Records drawn from a dataset:
• • •

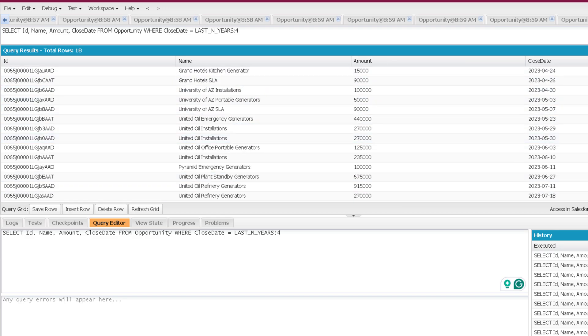So these are the various types of date literals for SOQL, which you can use on any date or date-time field. That marks the end of this video — see you soon in the next one. Thank you and take care.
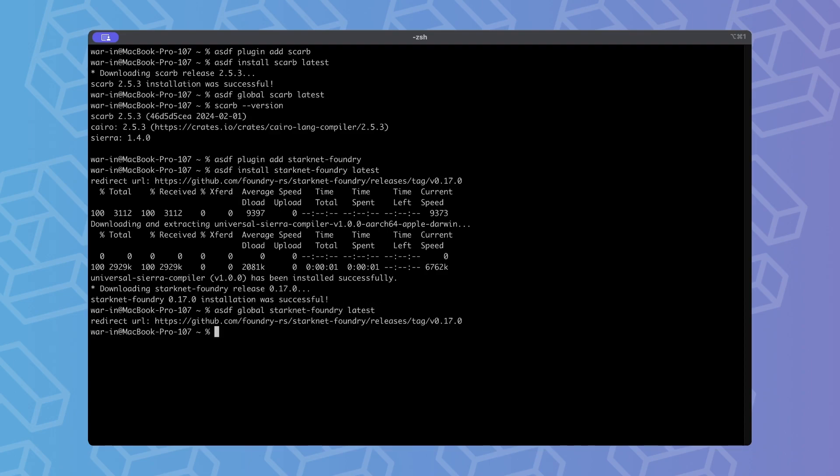Now let's verify that Starknet Foundry has been installed correctly. As mentioned before, we will be focusing specifically on the SNforge component of Starknet Foundry, so let's check its installation.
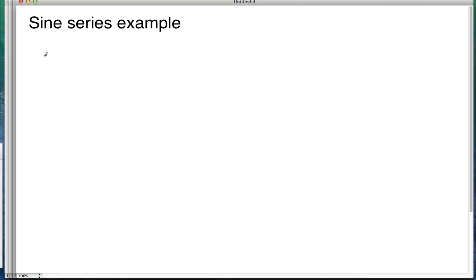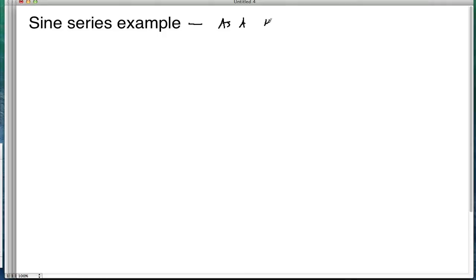Hello and welcome. Today we're going to do a sine series example, and we're going to start by casting this as a heat equation problem.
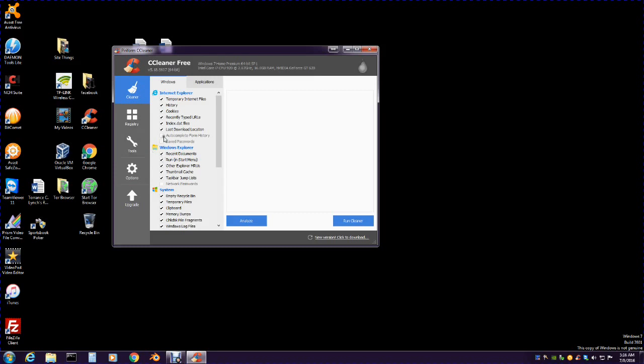You go to CCleaner - there's Cleaner, Registry, Tools, Options, and Upgrade. This little section over here is what you want to pay attention to. Mainly the top three are the ones I normally deal with.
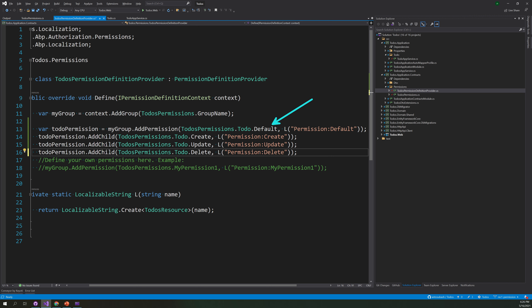This is the permissions default. With that default permission, I created the permission, and then the default permission is added with multiple child permissions. If you add a create permission, the default is given — the create is one level below, so this creates a hierarchy. This is the main permission and then we are adding children using the add child method. You can create any number of permissions like this — there is no limit in the free version of ABP.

• • •

## ABOUT THIS EXERCISE
From the opening line of the entries, copy each line exactly until the line with "You go to CCleaner", which is copied as well; leave out pictures.

## EXERCISE RESPONSE
So these are the various types of date literals for SOQL, which you can use on any date or date-time field. That marks the end of this video — see you soon in the next one. Thank you and take care.
Now let's verify that Starknet Foundry has been installed correctly. As mentioned before, we will be focusing specifically on the SNforge component of Starknet Foundry, so let's check its installation.
Hello and welcome. Today we're going to do a sine series example, and we're going to start by casting this as a heat equation problem.
You go to CCleaner - there's Cleaner, Registry, Tools, Options, and Upgrade. This little section over here is what you want to pay attention to. Mainly the top three are the ones I normally deal with.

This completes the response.